Unsupervised Anomaly Detection for Aircraft PRSOV With Random Projection-Based Inner Product Prediction

Pressure-regulated shutoff valves (PRSOVs) are critical components of aircrafts’ environmental control system (ECS) to regulate the carbon pressure, ensuring it within a safe and comfortable range. However, due to the harsh and dynamic operational environment, PRSOVs are susceptible to various anomalies, which may lead to severe flight incidents such as cabin depressurization. To this end, this article proposed an unsupervised anomaly detection approach for PRSOV with random projection-based inner product prediction (RPDP-AD). It leverages distance information in a randomly projected space to construct supervisory signals. This enables our model to encode distribution patterns and data structures of normal samples from unlabeled data. Our model is optimized to minimize the prediction errors in the random projection space. We introduced a distribution difference metric to minimize the discrepancy between learnable mappings and random mappings in low-dimensional space.
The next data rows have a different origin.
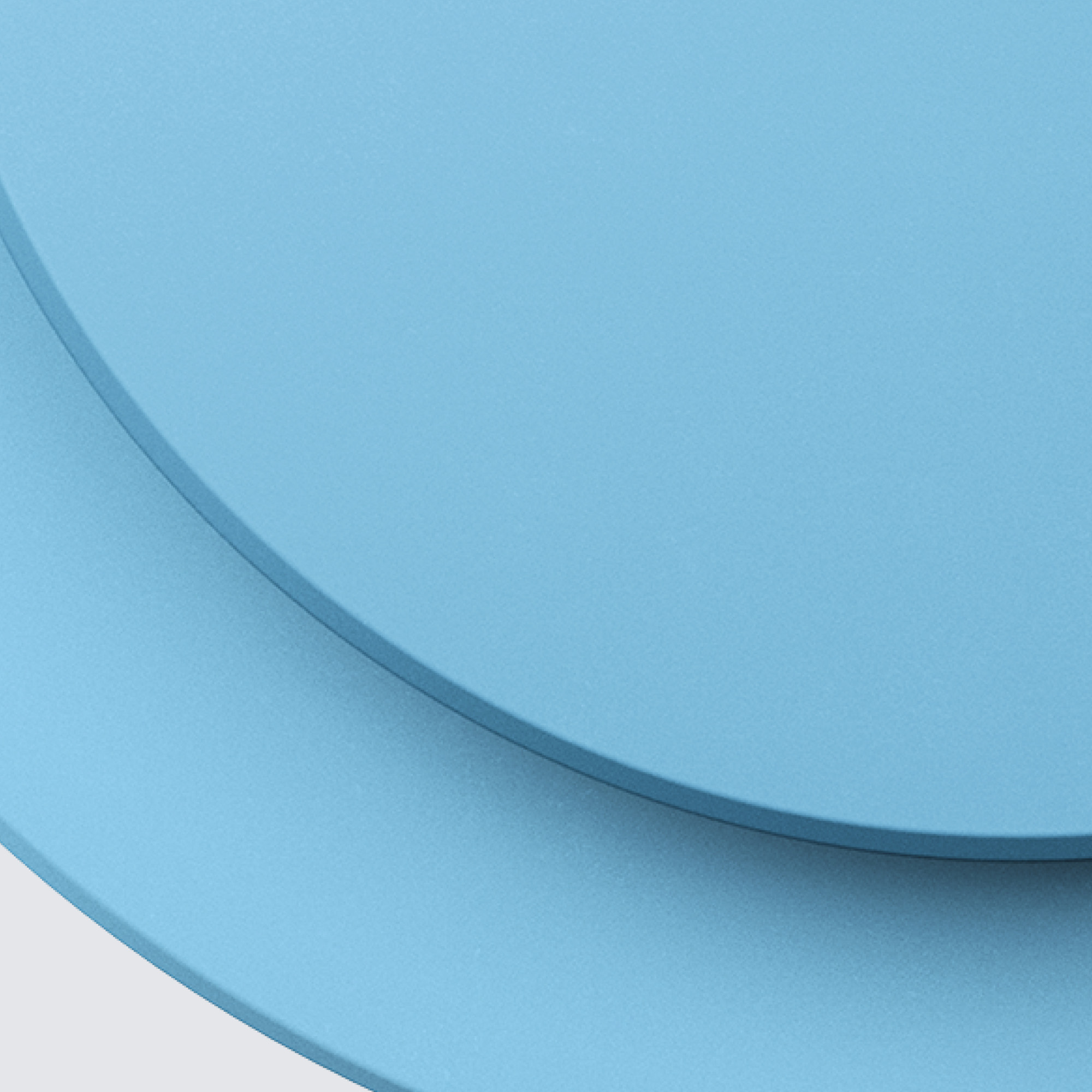 Dwa niebieskie talerze na białej powierzchni. Talerze zachodzą na siebie na dole. Zbliżenie.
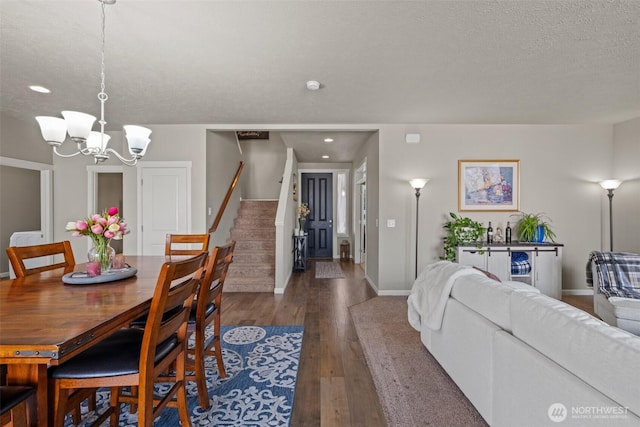 301 K St NE, Quincy, WA 98848 - dining room featuring a chandelier, wood finished floors, stairway, baseboards, and recessed lighting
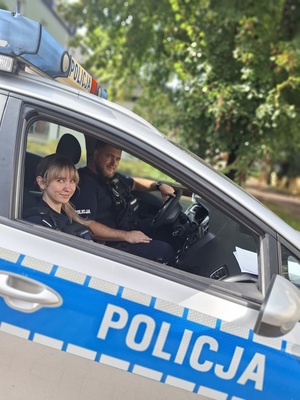 policjantka i policjant siedzą w radiowozie.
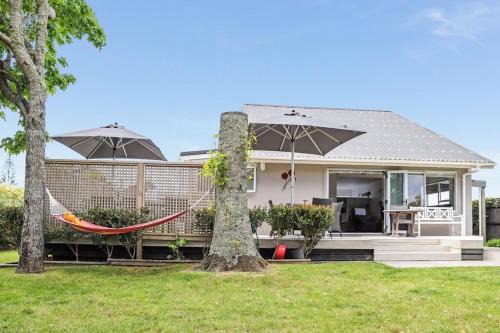 Pauanui House | Hosts on the Coast Sun Soaked Family Fun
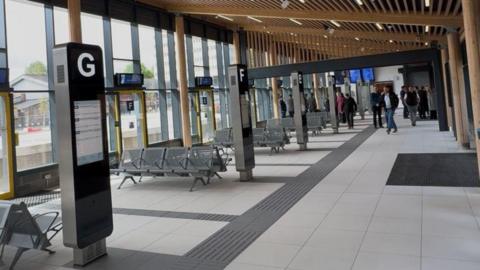 A row of bus stands inside the new Bishop Auckland bus station. There is seating and a digital screen at each stand. A group of people is walking down the hall.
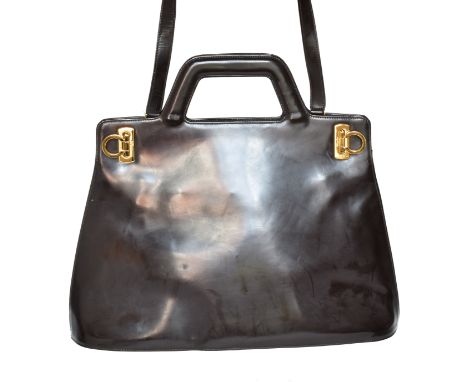 A Salvatore Ferragamo bag, the brown smooth leather exterior with gold tone hardware, clip fastening and shoulder strap, make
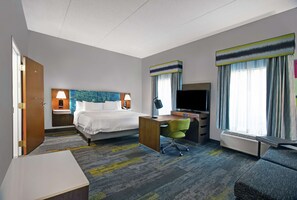 A hotel room with a bed, desk, TV, and a large window with curtains.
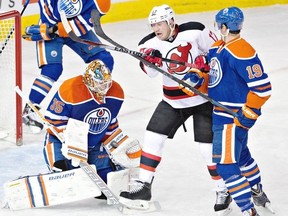 New Jersey Devils' Michael Ryder (17) battles in front of the net with Edmonton Oilers' Justin Schultz (19) as goalie Viktor Fasth (35) makes the save during second period NHL hockey action in Edmonton, on Friday November 21, 2014. THE CANADIAN PRESS/Jason Franson
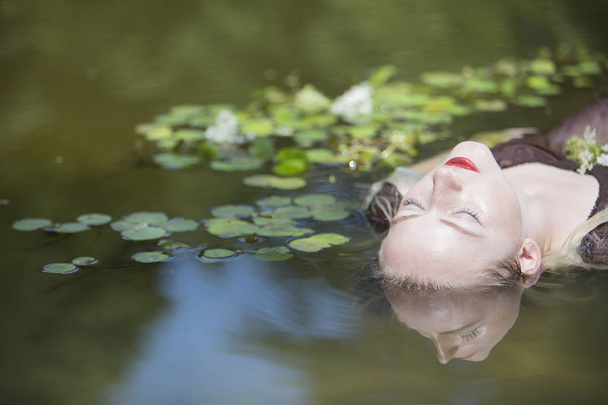 πορτρέτο με αντανάκλαση μιας όμορφης νεαρής γυναίκας σε μια λιμνούλα με κρίνα νερού - Φωτογραφία, εικόνα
Anomalous samples will have greater distribution differences, which allow for unsupervised anomaly detection (UAD). This article explored the connection between neural networks and random projection theory for industrial anomaly detection. To further support its effectiveness, we also provide a theoretical analysis of inner product preservation property via Johnson–Lindenstrauss theorem. Experiments were conducted on a PRSOV dataset including seven types of anomalies with different random projection methods. Results demonstrate that our method outperforms other data-driven counterparts.